Mais si ces livres s’écoulent facilement au Bénin, curieusement en dehors de quelques chercheurs universitaires, leurs consommateurs sont – dit-on – essentiellement des étrangers. « J’ai remarqué que ce sont souvent des touristes européens, américains, afro-descendants et autres expatriés », assure Ahouandjinou. « Quand ils viennent au Bénin, ils veulent connaître un peu plus le pays, sa culture, ses religions, comment elles se pratiquent, ses savoir-faire, etc », détaille-t-il. Cependant, « par-dessus tout, il y a une tendance plus accrue vis-à-vis des livres portant sur le Fa (une pratique divinatoire endogène, NDLR) ». Ainsi, cette clientèle s’affermit en été mais aussi au mois de janvier où se tiennent depuis deux ans les Vodun days.
« Inculquer la pratique des livres dès le bas âge »
Alors, comment intéresser les Béninois aux livres en général et au livre chrétien en particulier aujourd’hui ? La question préoccupe libraires et éditeurs béninois qui rivalisent d’ingéniosité et innovations.
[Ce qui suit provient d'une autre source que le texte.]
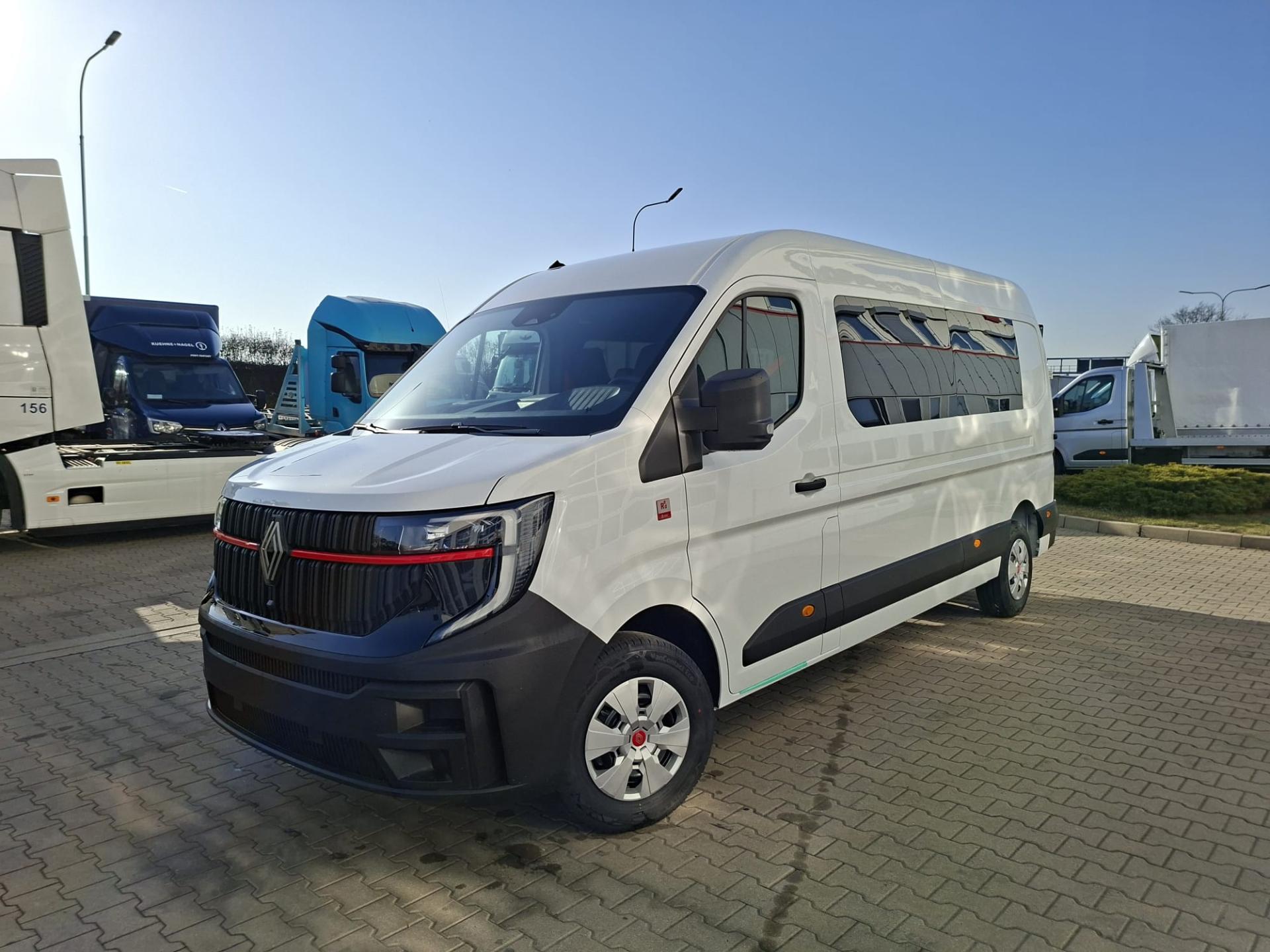 2026 Renault Master, červená, 0 km, Česko — foto 1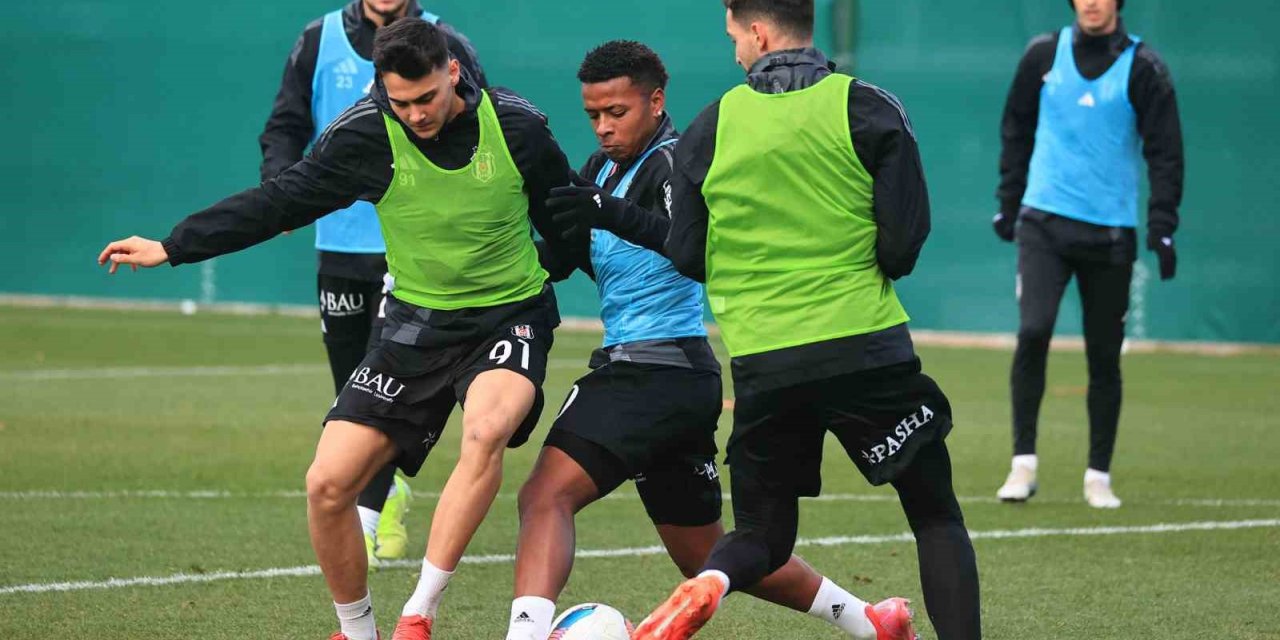 BEŞİKTAŞ, TRABZONSPOR MAÇININ HAZIRLIKLARINI TAMAMLADI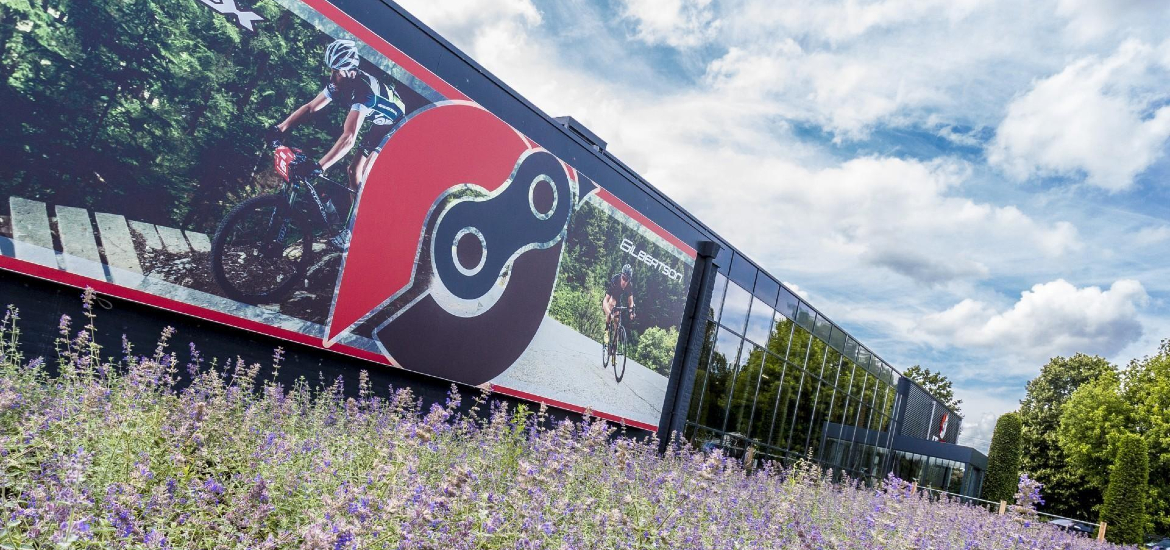 CC 53-11 Cycle Center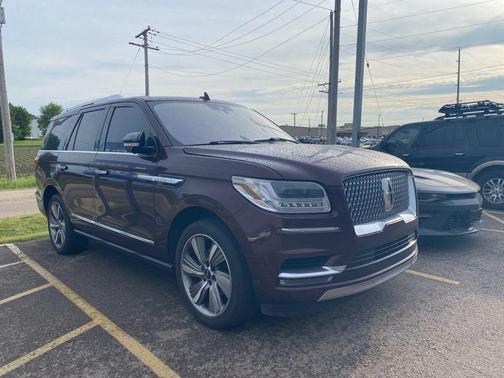 Burgundy 2018 Lincoln Navigator Reserve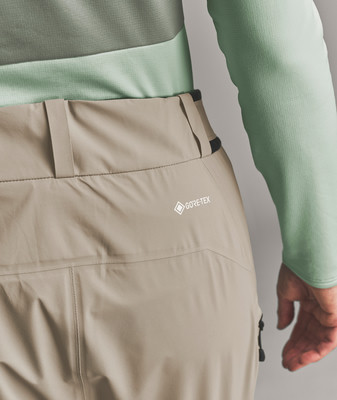 Detail einer Hose mit GORE-TEX-Logo und gelbem Bund. Detail einer Hose mit GORE-TEX-Logo und gelbem Bund.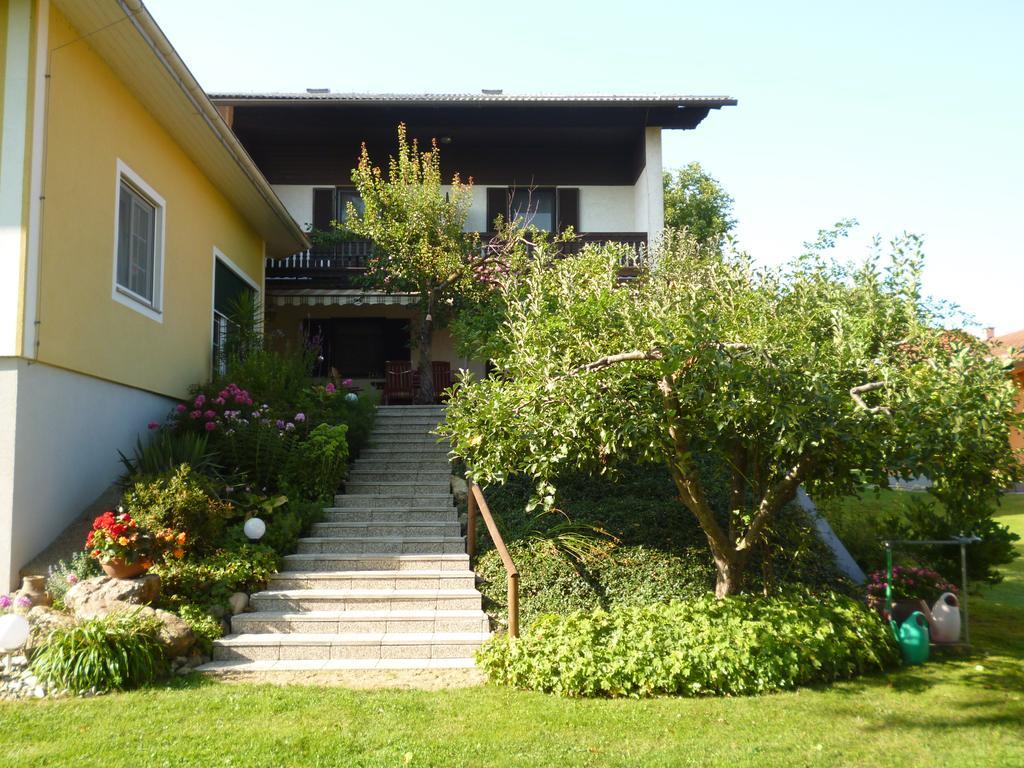 Gaestehaus Schleich Bad Radkersburg Exterior photo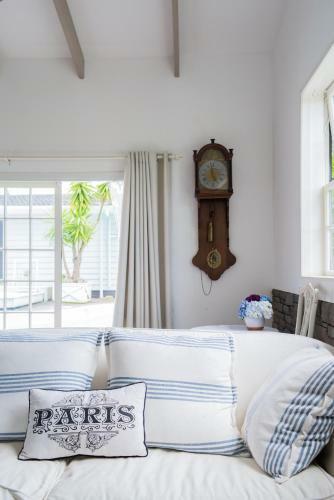 Bycroft Lodge Bed & Breakfast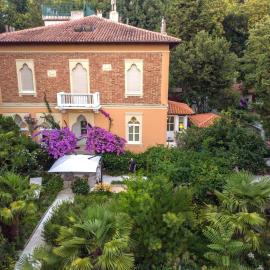 Luksuzni apartmaji v centru Portoroža z vrtom in parkiriščem - Luxury Apartments in Portoroz Center with Garden & Parking, hotel in Portorož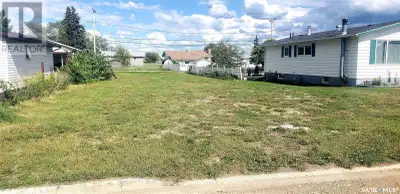 Looking for a new place to build? This 52 x 149 lot is located in a great location on the East side...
Selon Houngnibo Gbaguidi, le chantier à investir, ce sont les plus jeunes : « Les parents doivent inculquer l’habitude de la pratique des livres et de la lecture dès le bas âge aux enfants ». Pour ce faire, elle recommande d’offrir des Bibles illustrées par exemple aux enfants afin d’accrocher leur attention.
C’est dans une visée similaire que les Éditions Isidore de Souza (du nom de l’ancien archevêque de Cotonou, considéré comme le père de la démocratie au Bénin), fondaient en 2021 un espace de lecture d’accès gratuit à l’intention des scolaires. « Il s’agit pour nous de rapprocher les apprenants du livre, d’offrir un cadre agréable aux élèves où ils seront enchantés de découvrir les livres, où ils peuvent apprendre, se cultiver et surtout, consulter des livres inscrits au programme qu’ils n’ont pas forcément à leur portée » expliquait Axelle Adiho, la coordonnatrice.
Autre trouvaille, la pratique des cafés littéraires et des conférences autour de livres ou thèmes dans les locaux de librairies. « Chaque mois, à L’Harmattan Bénin, nous recevons un auteur en présence d’une cinquantaine de lecteurs. Si dix parmi eux achètent dix ou vingt livres, cela ferait déjà une dizaine de potentiels lecteurs et un appui aux auteurs » détaille Stephens Akplogan, le directeur.